(SOURCE DATA)
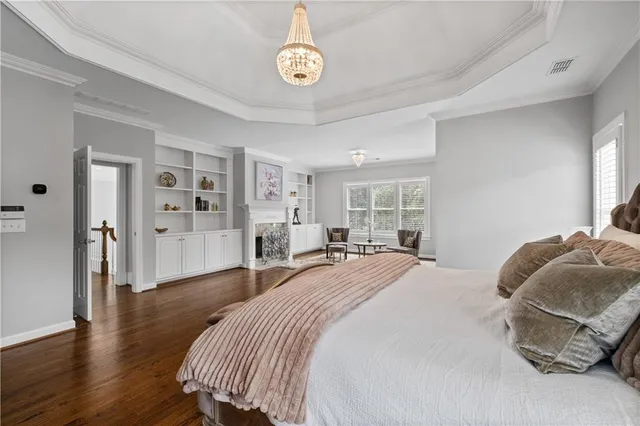a front view of a house with swimming pool and glass windows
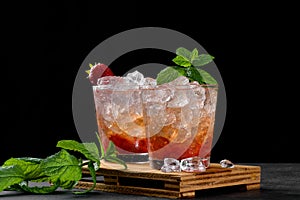 Cold summer strawberry iced cocktail mojito, margarita, daiquiri in two glasses with mint leaves on dark background
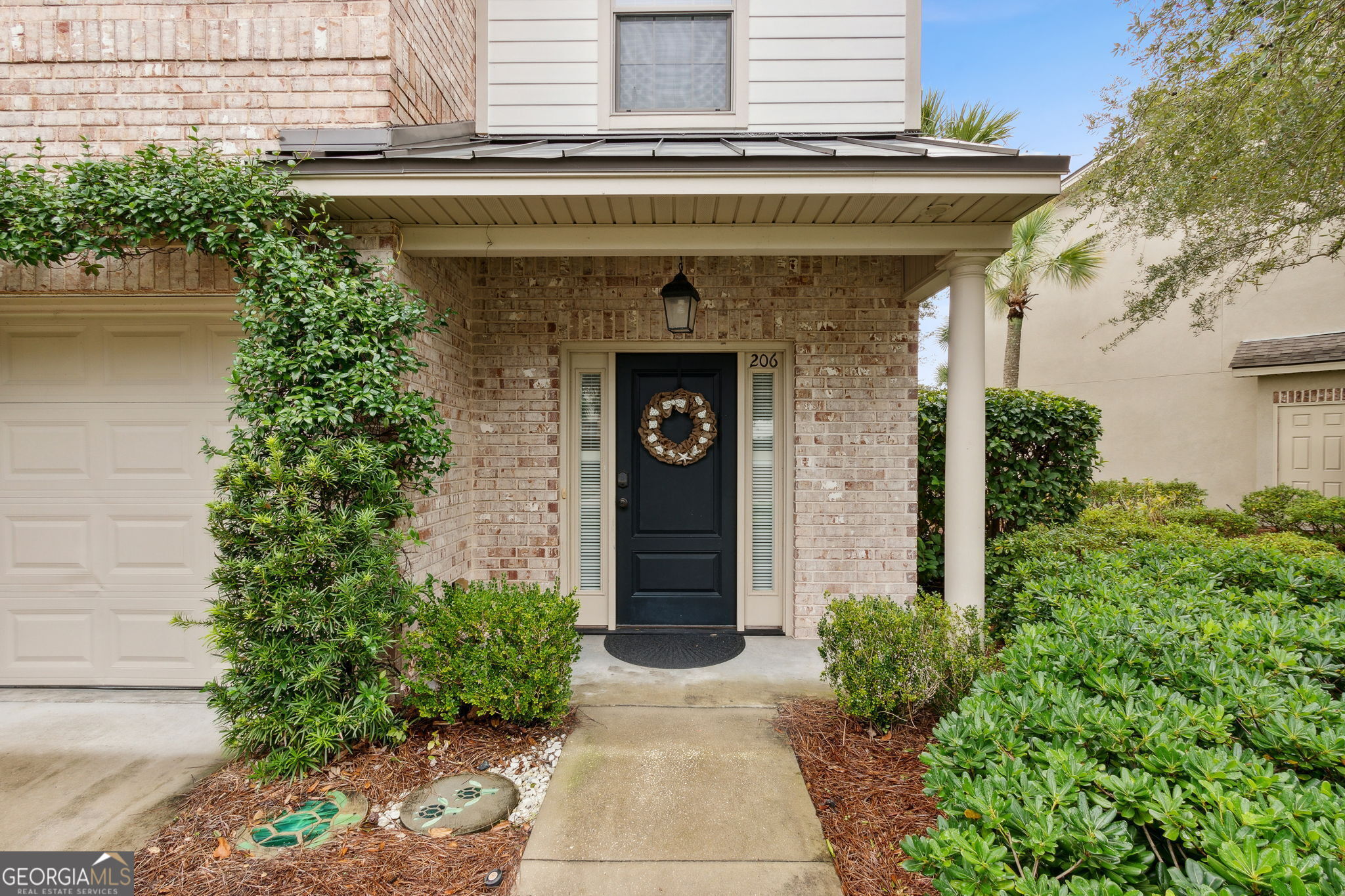 a front view of a house with garden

(PROBLEM STATEMENT) Please return the listing above exactly and leave every picture out.

(SOLUTION FOR THIS PROBLEM)
a front view of a house with swimming pool and glass windows
 Cold summer strawberry iced cocktail mojito, margarita, daiquiri in two glasses with mint leaves on dark background
 a front view of a house with garden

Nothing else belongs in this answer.